I need approximately ~ 140TB.
You can stripe multiple smaller raidz2s. And I think that would be a good idea.
First PBS needs alot of IOPS and 21 HDDs in raidz3 can'T handle more IOPS than a single HDD. A single HDD might even be faster. With 24 drives at 4x raidz2 striped together you atleast get the IOPS performance of 4 HDDs. Its by the way recommended to only use SSDs because HDDs are so slow at reading/writing random IO. Your backups will be splitted into millions of small chucks and then be deduplicated so if you start some tasks like the garbage collection or a verify job PBS needs to check and open millions of small files and HDDs are really bad at that. So if you got an 400GB image of a virtual disk that isn't a single big file that can be read sequentially (where HDDs would be good at) but instead you got 100000x 4MB chunks that are more or less random reads (where HDD are really bad at) because they are spread across all disks. ZFS also doens't support defrag, so reads will get more random over time.
The second thing is that it might take weeks to resilver your pool if a single HDD fails. While the resilvering is running your pool will get unusable slow and your HDDs are tortured 24/7 making it more likely that another disk will fail which would force you to start all over again which makes it more likely that another disk might fail and so on. Resilvering smaller raidzs that are striped together should be way faster so you get less downtime and drives are less likely to fail at the same time. You should do some resilvering tests with testdata before using that pool in production. It isn'T unusual that resilvering can be as slow as 5MB/s. If you need to resilver a 21x 8TB raidz3 that are 168 TB (but only 115-130TB usable because ZFS in general need 10-20% free space to work properly because it is copy-on-write or it gets slow until it finally switches into panic mode where it gets terrible slow). 168TB / 5MB/s = 407 days to resilver. If you stripe multiple smaller raidz2 that is way faster because you only need to resilver 48 TB. And resilvering a raidz2 should be faster than a raidz3 because the parity data calculations are less complex.
Since it is about spinning disks, I understood that it was possible to significantly increase performance by adding a Special Device, is it possible to use the unused space on the OS disk (2x 1TB SSD) ?
Keep in mind that all data on all 24 HDDs is lost as soon as both SSDs die. So you should mirror atleast 3 or better 4 SSDs so that this matches the redundancy of your raidz2 or raidz3. And also keep in mind that a special device can't be removed. Once you add it can't be removed without destroy the complete pool with all data on it. It should be possible to use a partition as a special device so you could use the same SSD that you use for your OS but I don't think that is a good idea. It would make it harder to replace a failing special device SSD because you would always need to manually partition it, writing the bootloader to it and so on.
 
Last edited:
  • Like
Reactions: Suertzz and UdoB
Hi,

Thank you for all these details :D

Thats alot of storage for that less RAM. Rule of thumb would be 4GB + 1GB RAM per 1TB of raw storage for the ARC. So that would be 198GB RAM for just for ZFS. It will run with less RAM but the more RAM you allow ZFS to use, the faster your pool will be.

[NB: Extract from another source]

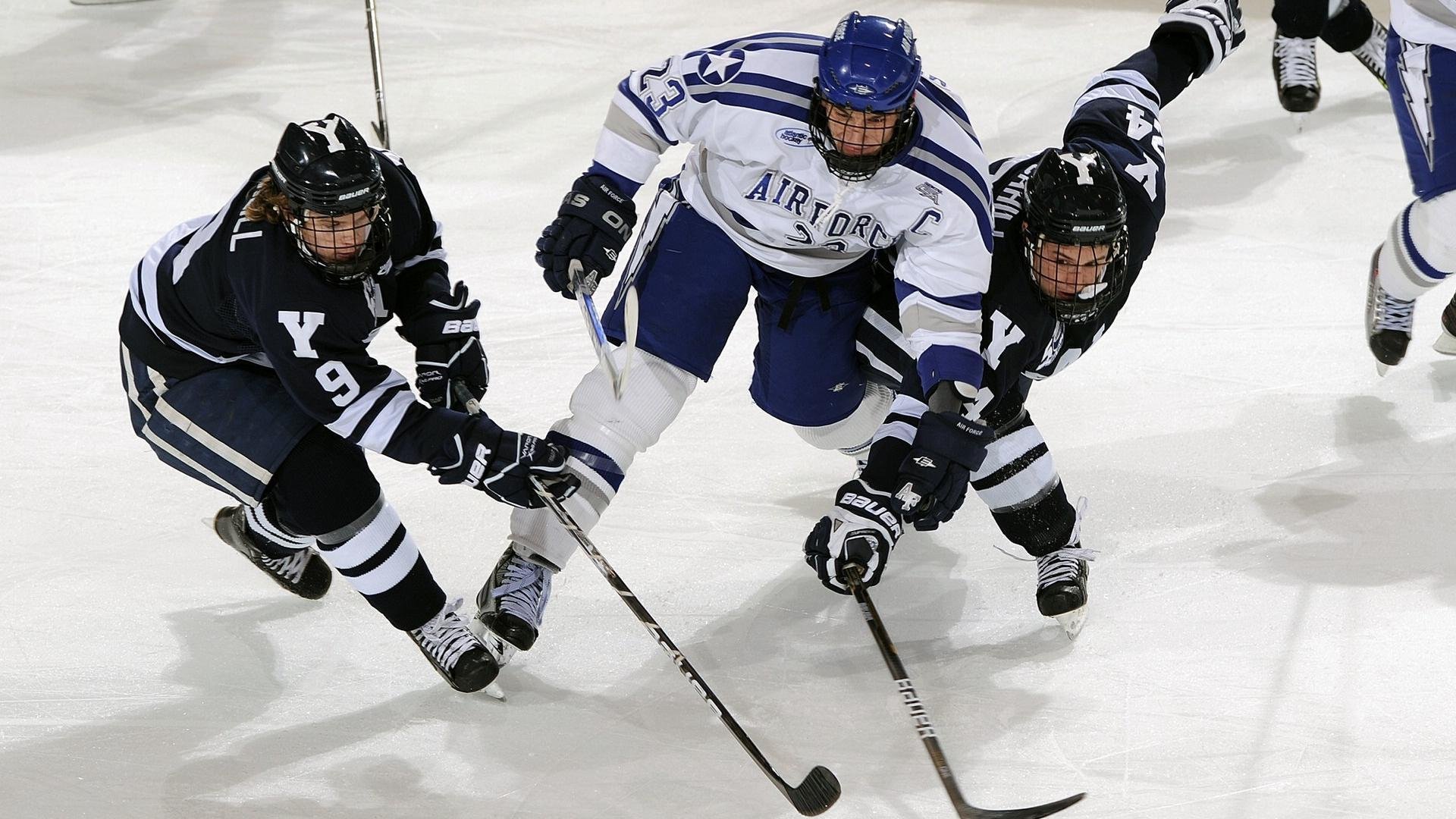 法国击剑队在主场赢得多枚金牌，法国击剑名将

Will the performance really be impacted, or will it just not be optimal?

Raidz1 (what is like raid5) needs atleast 3 drives. So I think you mean a normal raid1 what is called a "mirror" in ZFS terminology.

I meant raid - 1, so yeah mirror with ZFS!

You can stripe multiple smaller raidz2s. And I think that would be a good idea.
First PBS needs alot of IOPS and 21 HDDs in raidz3 can'T handle more IOPS than a single HDD. A single HDD might even be faster. With 24 drives at 4x raidz2 striped together you atleast get the IOPS performance of 4 HDDs.

If I understand correctly, if I do stupidly with 24 disks 8x raidz-1 (3 disk per raid), I would have at least 8x times the IOPS performance of a disk ? (It works the same way as a classic raid ?)

Keep in mind that all data on all 24 HDDs is lost as soon as both SSDs die. So you should mirror atleast 3 or better 4 SSDs so that this matches the redundancy of your raidz2 or raidz3. And also keep in mind that a special device can't be removed. Once you add it can't be removed without destroy the complete pool with all data on it. It should be possible to use a partition as a special device so you could use the same SSD that you use for your OS but I don't think that is a good idea. It would make it harder to replace a failing special device SSD because you would always need to manually partition it, writing the bootloader to it and so on.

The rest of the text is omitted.